O momento de assistir um filme também é um momento de aprendizado. Muitas vezes tive que parar a exibição, reclamar ou xingar algum aluno. Em alguns casos (poucos, é verdade) cheguei ao extremo de retirar da sala pessoas que não conseguiam assistir minimamente tranquilas. Também se aprende a ser expectador.
Com a ampliação do acesso à Internet nas escolas em todo país, o acesso aos filmes tornou-se mais fácil. Durante anos, corri para todos os lados atrás de fitas VHS e depois DVDs. Antes, na adolescência, mal tínhamos acesso a aparelhos de vídeo cassete. Então carregávamos um vídeo cassete (pesado) pela cidade para passar “vídeos” nas escolas sobre a destruição do meio ambiente.

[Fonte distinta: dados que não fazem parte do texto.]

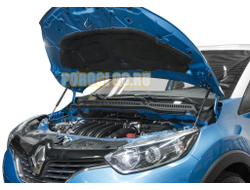 Амортизаторы капота, 2 шт. АвтоУпор для Renault Kaptur I / Kaptur Extreme 2016-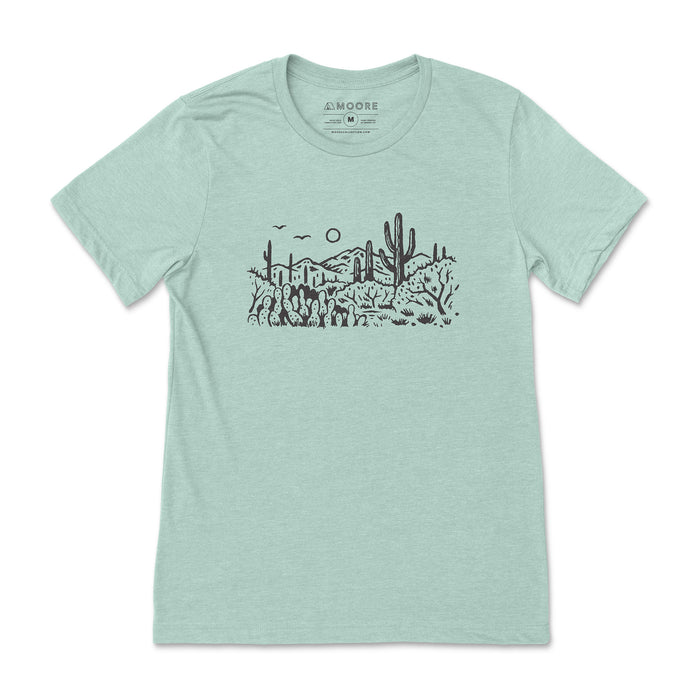 Saguaros Tee-Dusty Blue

Agora há projetos específicos como o “Curta na Escola”, que disponibiliza centenas de filmes gratuitamente na rede. Começamos a deixar de ser reféns dos filmes comerciais, o que não quer dizer que alguns deles não possam ter alguma utilidade.
Uma discussão importante a ser feita: a democratização do acesso à produção brasileira. Não parece estranho que os brasileiros não tomem conhecimento dos filmes que são feitos em seu próprio país? O mesmo vale para a música e o teatro. E a escola não pode se furtar a esta discussão. Na escola acontece a formação do público, seja que tipo de público for.
Compreender a educação como limitada à escola é limitar tanto a escola quanto a educação das pessoas. Para usar uma imagem, podemos dizer que a formação acontece em rede, numa teia. Tudo o que cai ou que é agarrado na teia torna-se parte dela. Uma música, um bicho ou um conceito em forma de pedra. “Caiu na rede é peixe”, diz o ditado popular. Assim acontece com a gente. A experiência mais ridícula, o inseto menos interessante...tudo faz parte da nossa formação. Às vezes uma palavra rude ou um breve olhar nos sensibilizam mais do que um grande acontecimento. Na rede intrincada da nossa memória as coisas não estão separadas, fechadas. Por isso a técnica e o pensamento técnico não podem dar conta de toda vida. São formas de pensamento úteis, mas muito pobres para dar conta da existência toda. Isto que os grandes poetas já compreenderam há milênios.